By Michael Graham
As Portugal rampaged against a decent enough Swiss side at the World Cup without Cristiano Ronaldo, the narrative given was that football was sharing an epiphany. The reality, though, was that it was simply confirming what we’ve all known for some time.
The inconvenient truth, at least for him, is that Ronaldo stopped carrying Portugal a long time ago.
There doesn’t have to be any drama in that either. Ronaldo is 37 years old and plays for a great footballing nation. Of course he is no longer the core of their team. It’s not new information or something that everyone didn’t already know.

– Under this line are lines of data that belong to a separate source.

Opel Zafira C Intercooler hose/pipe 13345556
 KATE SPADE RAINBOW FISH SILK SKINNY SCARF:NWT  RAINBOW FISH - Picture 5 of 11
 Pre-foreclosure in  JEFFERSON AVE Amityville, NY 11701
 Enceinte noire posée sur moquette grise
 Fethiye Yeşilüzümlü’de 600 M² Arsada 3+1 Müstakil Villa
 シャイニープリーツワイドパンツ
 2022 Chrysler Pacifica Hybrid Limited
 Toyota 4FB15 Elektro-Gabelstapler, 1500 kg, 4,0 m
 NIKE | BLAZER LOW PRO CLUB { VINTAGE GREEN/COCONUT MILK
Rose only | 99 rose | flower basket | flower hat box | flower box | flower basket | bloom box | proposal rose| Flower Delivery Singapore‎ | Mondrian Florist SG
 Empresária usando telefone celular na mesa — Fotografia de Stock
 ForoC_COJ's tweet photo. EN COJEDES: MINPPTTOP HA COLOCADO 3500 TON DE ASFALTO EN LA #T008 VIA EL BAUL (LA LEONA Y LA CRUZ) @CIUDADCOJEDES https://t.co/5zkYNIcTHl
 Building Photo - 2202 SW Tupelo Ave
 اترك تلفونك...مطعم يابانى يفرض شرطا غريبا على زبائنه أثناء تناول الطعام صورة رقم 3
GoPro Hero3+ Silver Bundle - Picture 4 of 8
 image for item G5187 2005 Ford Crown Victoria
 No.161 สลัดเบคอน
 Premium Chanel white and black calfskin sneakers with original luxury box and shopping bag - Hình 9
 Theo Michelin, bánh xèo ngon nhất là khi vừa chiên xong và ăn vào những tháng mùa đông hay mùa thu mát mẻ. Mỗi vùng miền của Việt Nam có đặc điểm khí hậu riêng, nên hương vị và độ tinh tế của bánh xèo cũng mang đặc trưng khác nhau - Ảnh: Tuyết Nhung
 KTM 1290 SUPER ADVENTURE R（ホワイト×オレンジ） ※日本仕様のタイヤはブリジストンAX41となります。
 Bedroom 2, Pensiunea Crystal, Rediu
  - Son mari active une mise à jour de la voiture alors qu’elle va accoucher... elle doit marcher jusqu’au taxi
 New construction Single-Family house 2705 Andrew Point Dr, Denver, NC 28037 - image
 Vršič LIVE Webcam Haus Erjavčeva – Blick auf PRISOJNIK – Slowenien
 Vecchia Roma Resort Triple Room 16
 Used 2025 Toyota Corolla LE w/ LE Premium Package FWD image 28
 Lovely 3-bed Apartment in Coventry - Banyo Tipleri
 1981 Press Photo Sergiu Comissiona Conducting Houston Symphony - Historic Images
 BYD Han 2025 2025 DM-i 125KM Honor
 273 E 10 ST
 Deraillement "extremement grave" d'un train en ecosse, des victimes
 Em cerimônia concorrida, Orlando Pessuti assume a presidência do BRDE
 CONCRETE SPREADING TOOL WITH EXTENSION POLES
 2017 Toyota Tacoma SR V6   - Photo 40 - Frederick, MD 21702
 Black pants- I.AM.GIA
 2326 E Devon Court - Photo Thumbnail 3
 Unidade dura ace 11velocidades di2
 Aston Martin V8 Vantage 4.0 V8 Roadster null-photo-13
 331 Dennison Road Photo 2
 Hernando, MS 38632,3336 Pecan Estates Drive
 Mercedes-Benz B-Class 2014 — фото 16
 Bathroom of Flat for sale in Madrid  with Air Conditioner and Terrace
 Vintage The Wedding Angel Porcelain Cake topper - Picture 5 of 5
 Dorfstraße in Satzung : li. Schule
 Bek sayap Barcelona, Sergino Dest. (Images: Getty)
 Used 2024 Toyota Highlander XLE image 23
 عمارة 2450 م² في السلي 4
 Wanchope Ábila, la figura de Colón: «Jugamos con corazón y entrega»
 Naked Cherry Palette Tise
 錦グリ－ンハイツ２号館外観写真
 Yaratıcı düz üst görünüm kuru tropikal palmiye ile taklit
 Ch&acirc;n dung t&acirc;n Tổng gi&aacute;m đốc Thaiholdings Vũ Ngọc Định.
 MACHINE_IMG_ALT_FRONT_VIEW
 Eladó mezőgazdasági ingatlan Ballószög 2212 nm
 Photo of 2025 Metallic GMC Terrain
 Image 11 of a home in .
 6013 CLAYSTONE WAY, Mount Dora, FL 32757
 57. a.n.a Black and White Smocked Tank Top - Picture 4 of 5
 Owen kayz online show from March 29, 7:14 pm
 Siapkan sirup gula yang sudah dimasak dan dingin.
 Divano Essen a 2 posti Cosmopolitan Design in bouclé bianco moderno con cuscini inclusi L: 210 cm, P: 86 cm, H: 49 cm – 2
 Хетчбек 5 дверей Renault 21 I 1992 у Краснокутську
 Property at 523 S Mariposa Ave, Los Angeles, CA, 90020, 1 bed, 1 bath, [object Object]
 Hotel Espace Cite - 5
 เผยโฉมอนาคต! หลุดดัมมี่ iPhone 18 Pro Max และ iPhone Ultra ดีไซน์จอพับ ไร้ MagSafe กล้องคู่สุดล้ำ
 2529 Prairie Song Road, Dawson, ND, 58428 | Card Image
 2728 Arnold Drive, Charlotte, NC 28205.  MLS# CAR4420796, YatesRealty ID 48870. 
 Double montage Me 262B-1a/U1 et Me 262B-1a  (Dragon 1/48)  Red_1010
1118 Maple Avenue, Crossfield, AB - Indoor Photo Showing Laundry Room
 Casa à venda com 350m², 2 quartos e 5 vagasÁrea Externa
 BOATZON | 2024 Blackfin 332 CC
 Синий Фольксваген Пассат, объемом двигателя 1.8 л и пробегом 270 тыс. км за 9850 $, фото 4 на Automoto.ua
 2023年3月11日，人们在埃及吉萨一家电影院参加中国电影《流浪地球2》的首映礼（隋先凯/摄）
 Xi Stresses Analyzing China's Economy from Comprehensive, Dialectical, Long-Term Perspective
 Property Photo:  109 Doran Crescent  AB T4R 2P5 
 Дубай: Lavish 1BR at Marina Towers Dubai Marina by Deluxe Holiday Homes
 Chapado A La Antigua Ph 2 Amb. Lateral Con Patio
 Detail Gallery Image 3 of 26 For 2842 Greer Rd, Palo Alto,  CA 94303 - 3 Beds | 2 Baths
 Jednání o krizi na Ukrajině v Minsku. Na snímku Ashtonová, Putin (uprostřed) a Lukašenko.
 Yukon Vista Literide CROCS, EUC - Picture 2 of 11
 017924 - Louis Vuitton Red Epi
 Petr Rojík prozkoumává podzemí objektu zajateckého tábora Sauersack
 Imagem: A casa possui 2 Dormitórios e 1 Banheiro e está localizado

The only thing that has really changed is that Fernando Santos has decided he would rather win a World Cup than not upset Ronaldo.
Because, let’s face it, Portugal didn’t have the slightest hope of winning a first World Cup in Qatar with Ronaldo’s ego constantly sucking up the joy and freedom of his own football like some kind of insatiable Dementor.
The insinuation is that it was his reaction to the substitution against South Korea that prompted Santos to leave Ronaldo and it could well be the case. However, it was the opening goal debacle against Uruguay that really turned the spotlight on what needed to be done.
It was then that Ronaldo inadvertently played his hand. He didn’t score. He’s tried every ab-popping celebration in the book to try and convince everyone he did, but he didn’t and the technology has proven it. Even then he was unable to accept it and took his quest to essentially steal a goal from a teammate all the way to FIFA.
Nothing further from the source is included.